Y antecedentes hay: ¿Acaso en el futbol no se adquiere un abono general, con el añadido suplementario y voluntario de las competiciones europeas? Cierto que en este caso, cuando el aficionando adquiere su localidad ya conoce los 20 equipos van a dilucidar entre sí el campeonato. Pero nadie lea garantiza si en esos 20 partidos estará o no Ronaldo, por ejemplo; jugará, eso sí, su equipo preferido, sin embargo eso al final no deja de ser una generalidad. Si es que Ronaldo y sus colegas no forman parte más que de la mitología, la distinción no es muy diferente si se aplica a la presencia o no de El Juli o de Morante en un cartel.

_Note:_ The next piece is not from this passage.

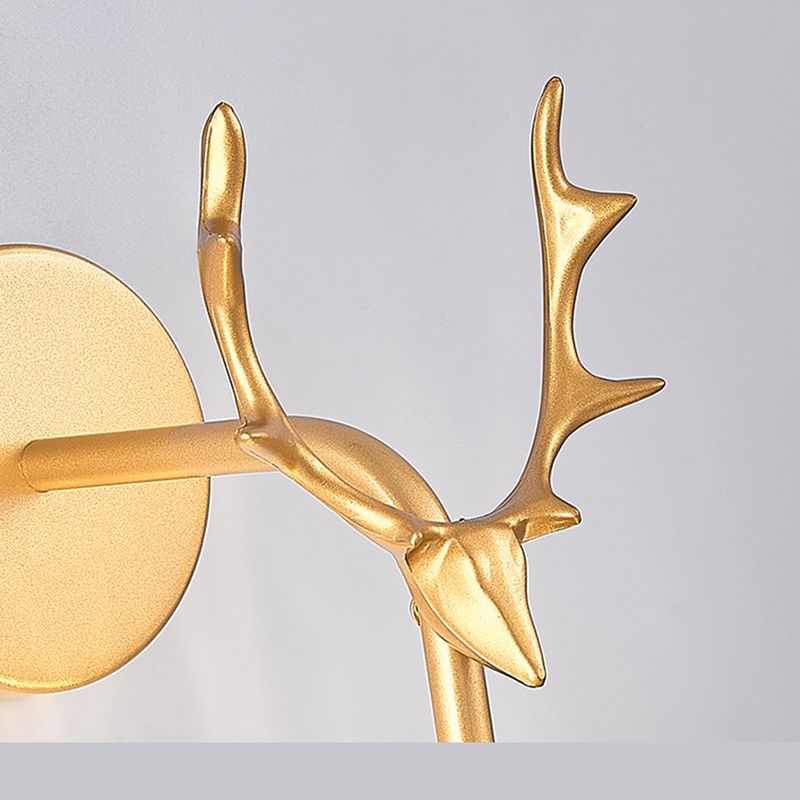 Modern Artistic LED Wall Lamp Wrought Iron Globe Wall Sconce with Glass Shade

Llevada a lo taurino, una fórmula de este tenor permitiría, entre otras cosas, que la reducción de precios para los abonados fuera algo mucho más que casi simbólica como ahora ocurre. El ejemplo lo tenemos, sin ir mas lejos, en los abonos de la tercera edad, que esos no fallan, precisamente por el precio al que salen. Desde luego, lo que no se sostiene, salvo que juguemos a devaluar la cartelería hasta niveles ínfimos como ocurrió en 2013, es mantener criterios muy estrictos sin, a cambio, buscar soluciones a problemas que hoy son ya endémicos.
Si a todo ello se le añade el condimento necesario de echarle un poquito de más imaginación a la organización y a la propia programación, a lo mejor por esos caminos se encuentra lo que hoy no pasa de ser un auténtico “bálsamo de Fierabrás”, aquel ungüento que todo lo curaba.